Stored data:
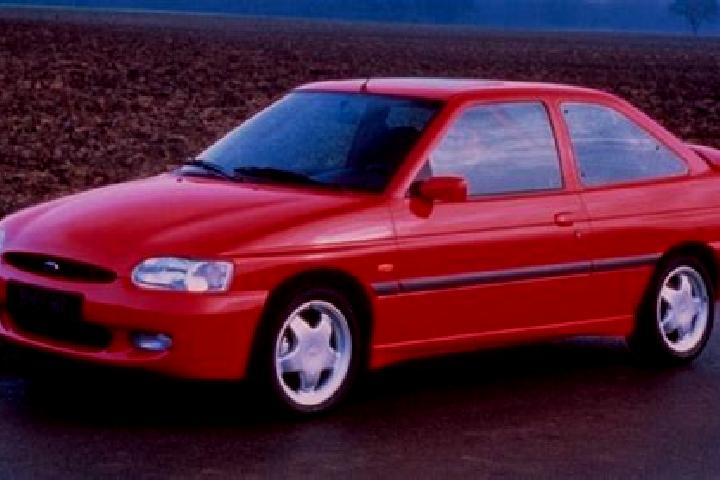 escort Rocchenere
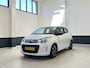 Citroën C1 1.0 VTi Feel | Airco | Bluetooth |5-Drs | NL | 1 Eig |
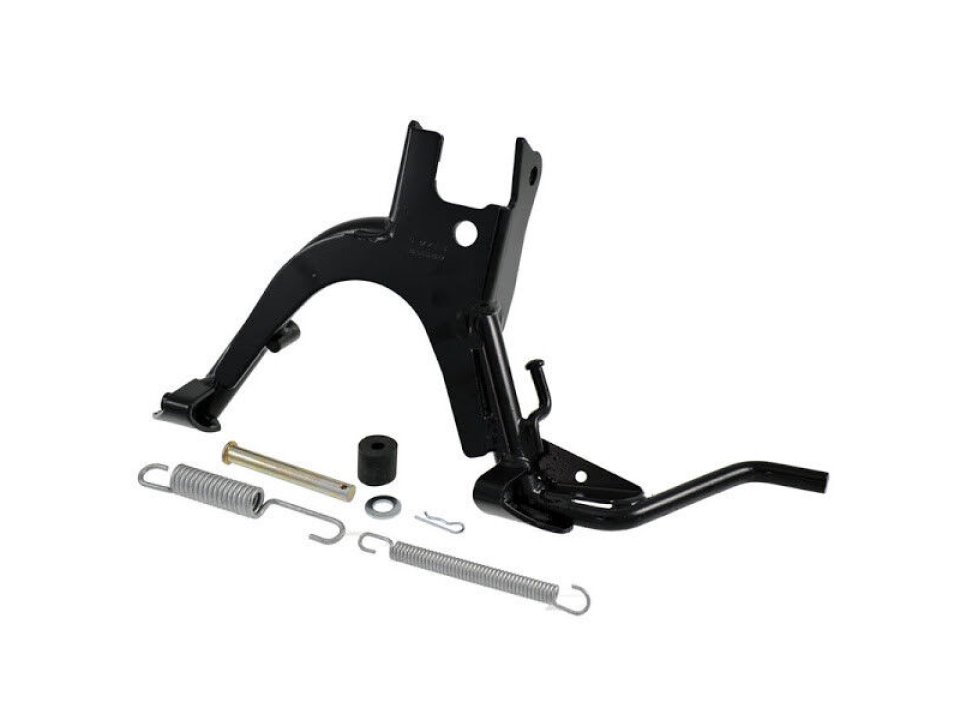 jaszmotor_webshop_kozep_sztender_malaguti_f12____f15_<br>(rms)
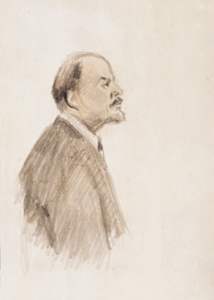 Lenin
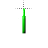 Alternate select cursor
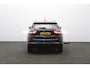 Jeep Compass 4xe 240 Plug-in Hybrid 240 PK Electric S, Camera, Leder, Stoel- Stuurverwarming,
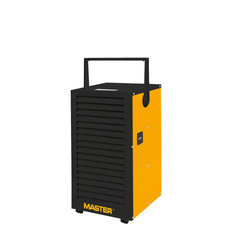 OSUSZACZ POWIETRZA MASTER DH 732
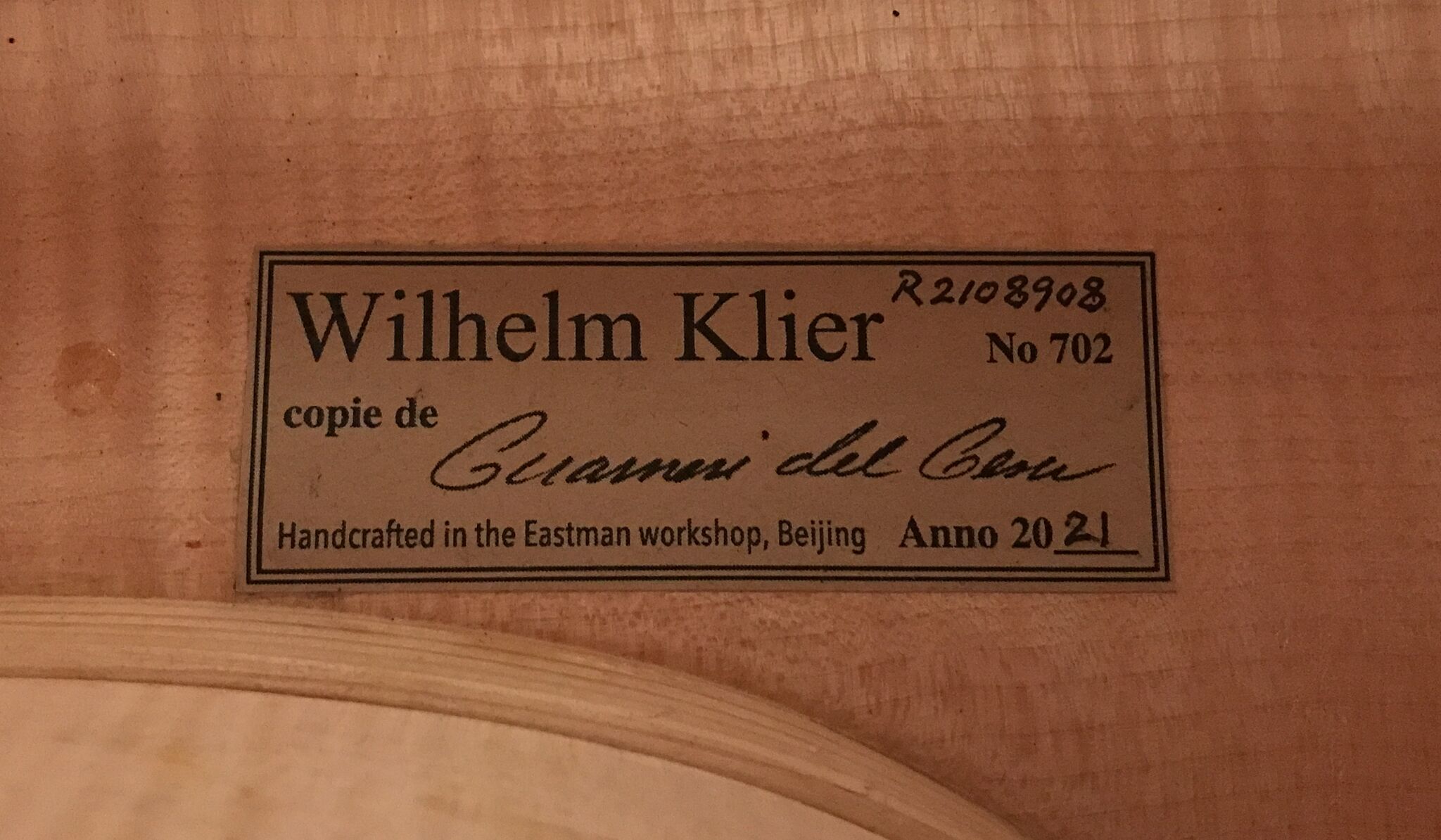 wilhelm-klier-guarneri-cello-14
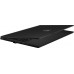 Laptop MSI Stealth A16 AI+ A3XWIG-041PL Ryzen AI 9 HX 370 / 32 GB / 2 TB / W11 Pro / RTX 5080 / 240 Hz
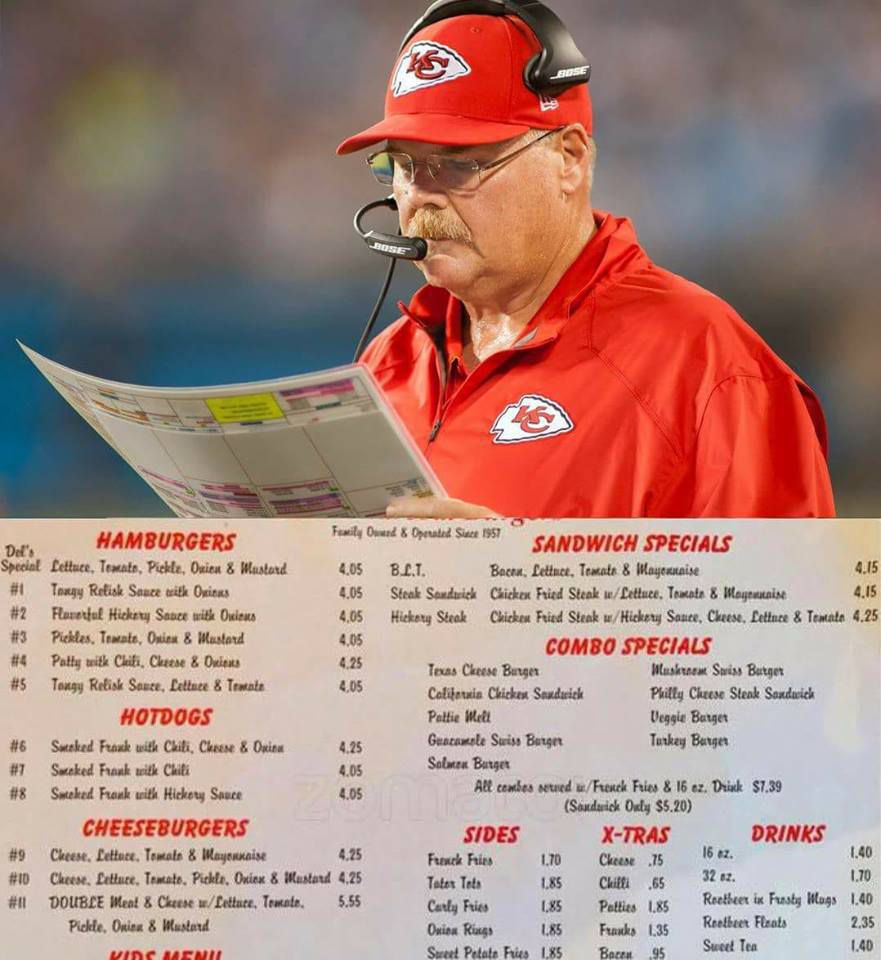 I think andy. Andy Reid. Энди ворхалд копия супа.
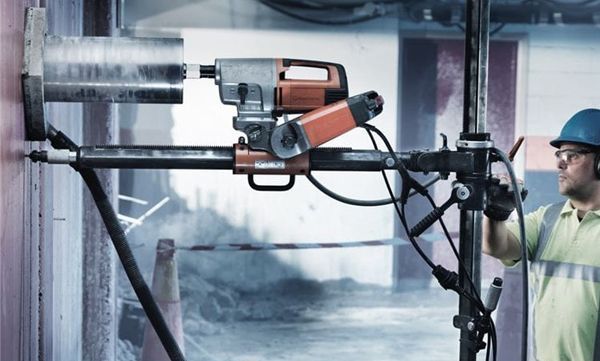 مقاول قص خرسانة بمكة الاشرف للفتحات الخرسانية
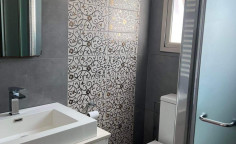 4 bedroom semi-detached house in Livadia 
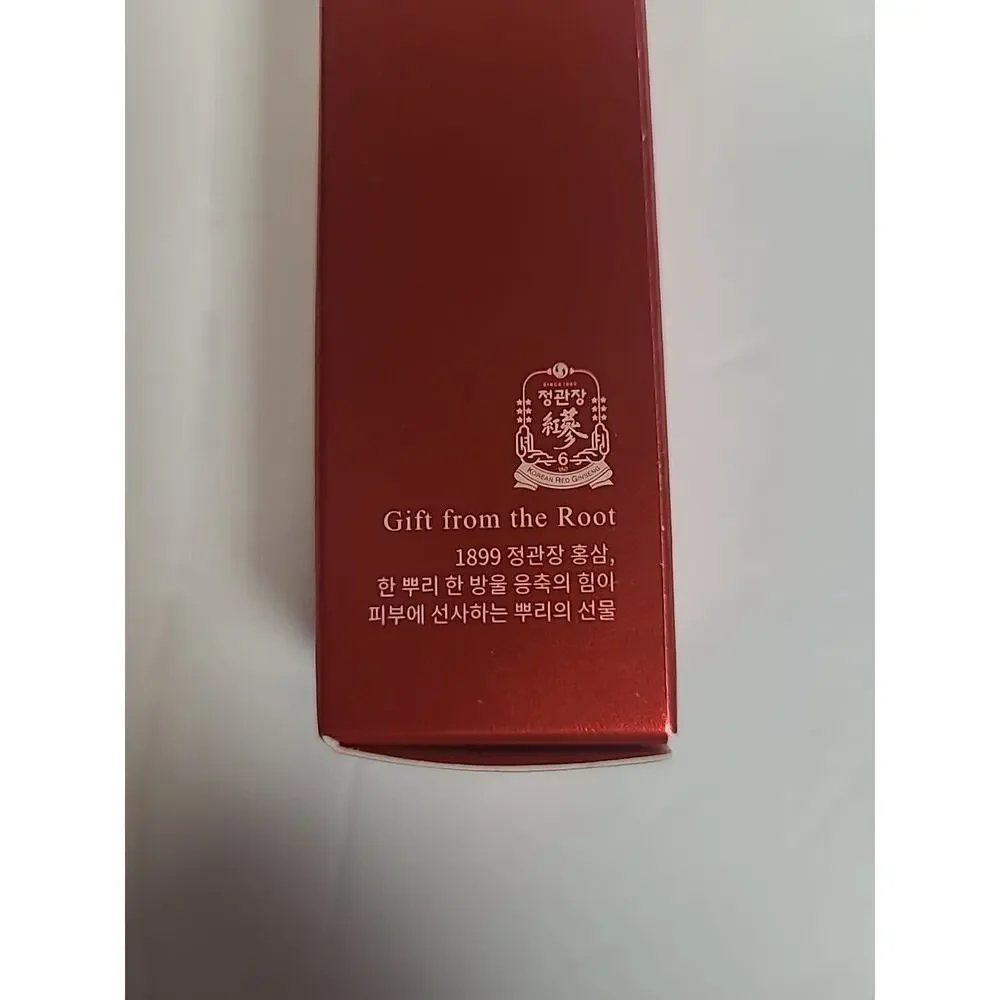 DONGINBI 1899 Single Essence Travel Size 15 ml NIB Korean Beauty - NEW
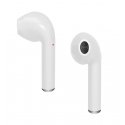 Media-Tech MT3589W White Media-Tech MT3589W White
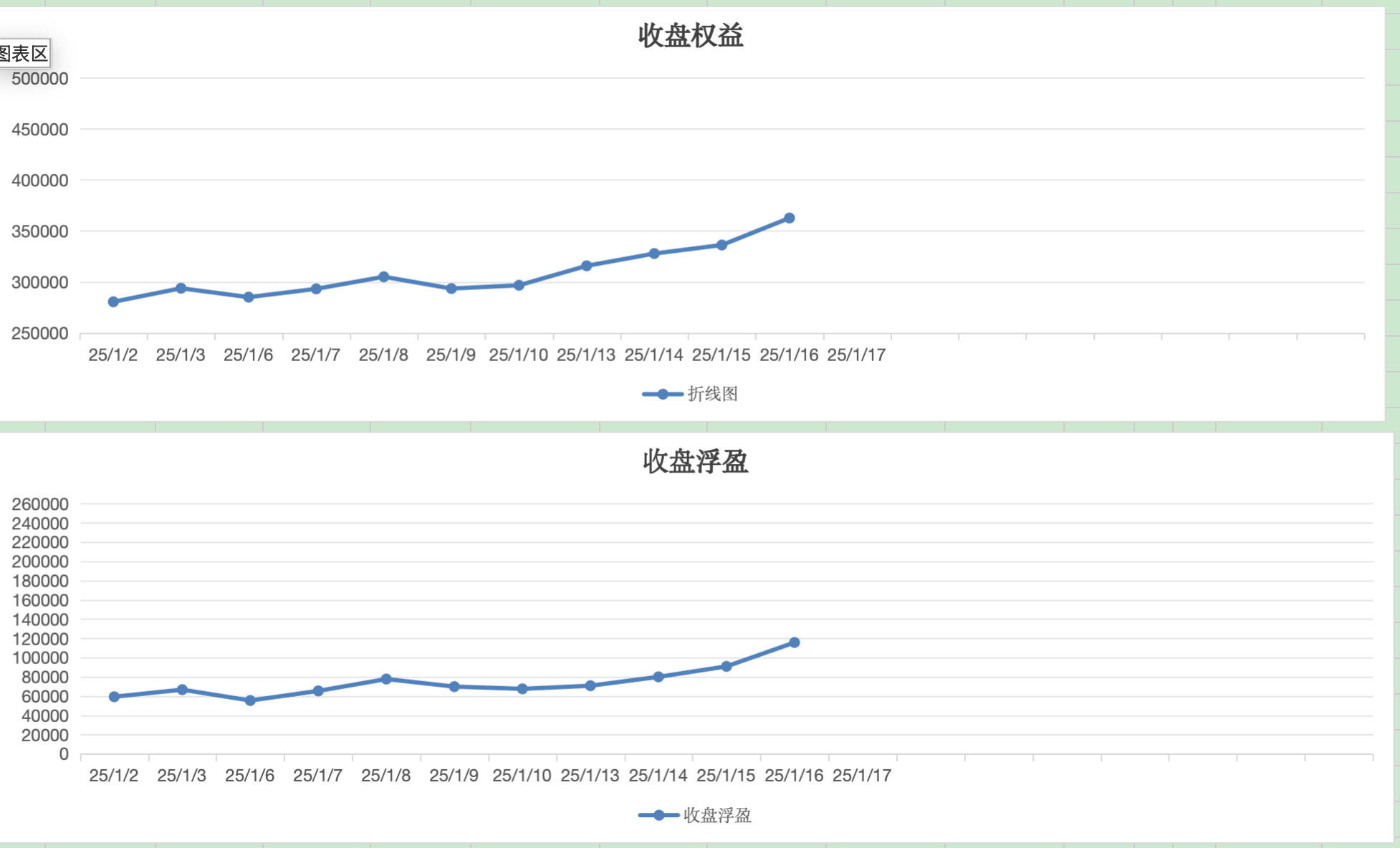 截屏2025-01-16 15.59.04.png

- _REQUIRED ACTION_
Leave out the pictures, then give all the records again exactly.

- _EXPECTED OUTPUT_
 escort Rocchenere
 Citroën C1 1.0 VTi Feel | Airco | Bluetooth |5-Drs | NL | 1 Eig |
 jaszmotor_webshop_kozep_sztender_malaguti_f12____f15_<br>(rms)
 Lenin
 Alternate select cursor
 Jeep Compass 4xe 240 Plug-in Hybrid 240 PK Electric S, Camera, Leder, Stoel- Stuurverwarming,
 OSUSZACZ POWIETRZA MASTER DH 732
 wilhelm-klier-guarneri-cello-14
 Laptop MSI Stealth A16 AI+ A3XWIG-041PL Ryzen AI 9 HX 370 / 32 GB / 2 TB / W11 Pro / RTX 5080 / 240 Hz
 I think andy. Andy Reid. Энди ворхалд копия супа.
 مقاول قص خرسانة بمكة الاشرف للفتحات الخرسانية
 4 bedroom semi-detached house in Livadia 
 DONGINBI 1899 Single Essence Travel Size 15 ml NIB Korean Beauty - NEW
 Media-Tech MT3589W White Media-Tech MT3589W White
 截屏2025-01-16 15.59.04.png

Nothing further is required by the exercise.